Certainly the sound is high-quality and the performances uniformly top-notch.
But listeners who want the music will want all of it, not a movement or section
here and there; and indeed they will likely have the performances already,
since this release is drawn from the existing PentaTone catalog. This is a disc
in search of an audience – one that it is hard to imagine it finding.
The Linn Records CD
commemorating the 40th anniversary of the Scottish Chamber Orchestra
has more to recommend it, since at least it offers three complete works.

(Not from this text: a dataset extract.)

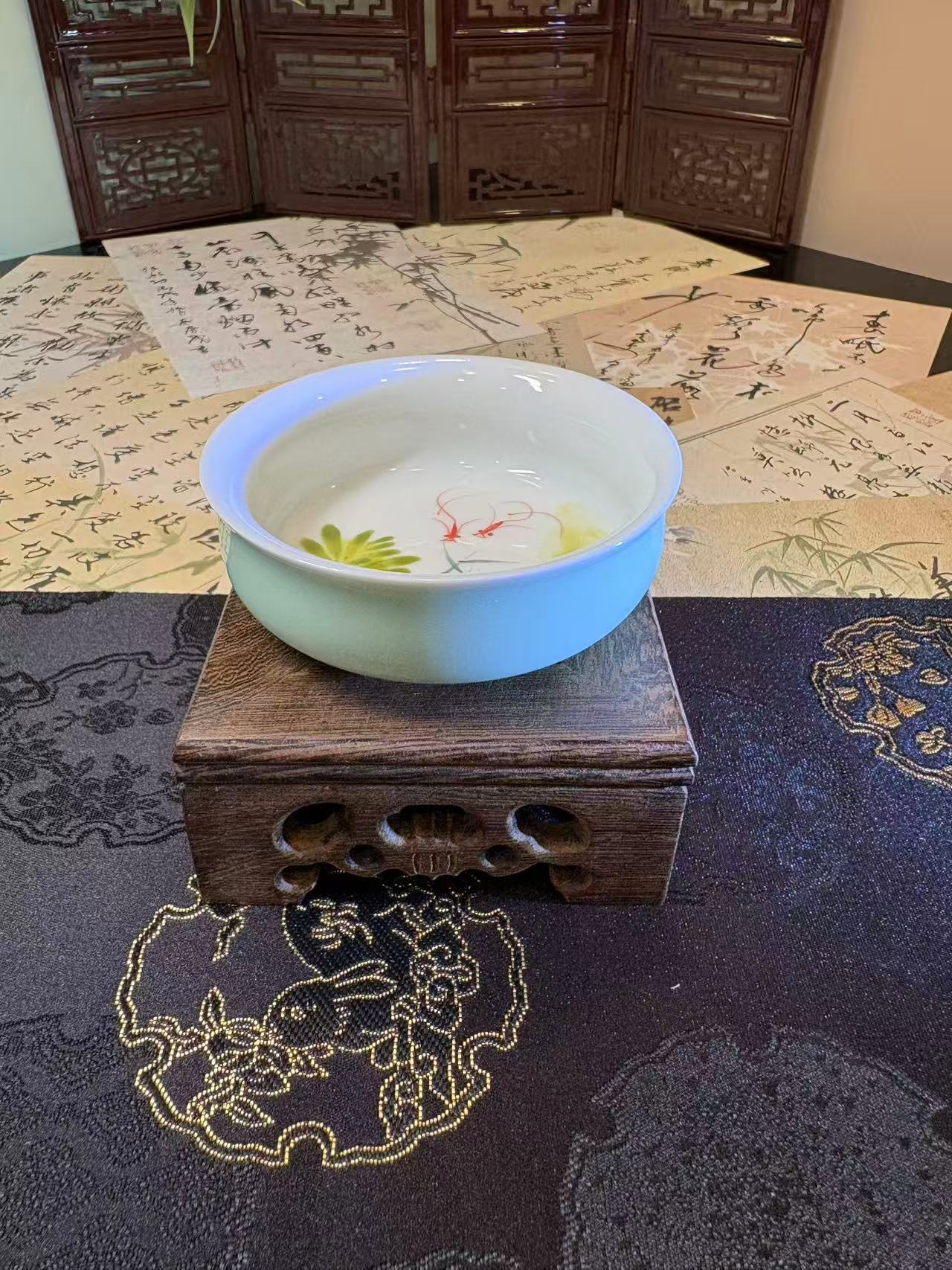 Handcrafted Greenish White Porcelain Tasting Cup 手工青白瓷品茗杯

But
the focus here is clearly on the orchestra and three of its conductors, not on
the music in and of itself, since the grouping of these specific works in this
way makes no logical sense. Still, listeners intrigued by the notion of a very
fine chamber ensemble performing disparate pieces under conductors with
differing musical approaches may find this CD attractive. Indeed, all the
readings have something to recommend them. Robin Ticciati’s Siegfried Idyll – a brand-new recording
– is involving and transparent at the same time, pretty rather than deeply
beautiful, heartfelt although a touch on the cool side, its overall emotional
effect not quite as intense as it can be but the playing itself thoroughly
engaging and very impressive. Joseph Swensen’s Sibelius is highly idiomatic,
the nine suite movements emerging as individual, jewel-like miniatures, each of
them lovingly shaped and all of them more reflective of Sibelius’ own ethos
than of Shakespeare’s The Tempest.
Sir Charles Mackerras’ “Jupiter” symphony is a standout, stately, beautifully
balanced, and handled with just the right mixture of elegance and flair; and
here the orchestra seems just as comfortable with Classical-era sound and
balance as it does with the very different requirements of the much later
Wagner and Sibelius works. This disc is in fact an impressive testament to the
Scottish Chamber Orchestra, just as it is intended to be. Even though it is
unlikely that many listeners will be drawn to it for the particular repertoire
mixture that it offers, they may find something unexpected – pleasantly so – in
the way this modest-size ensemble effectively tackles works of very different
eras and very different sensibilities.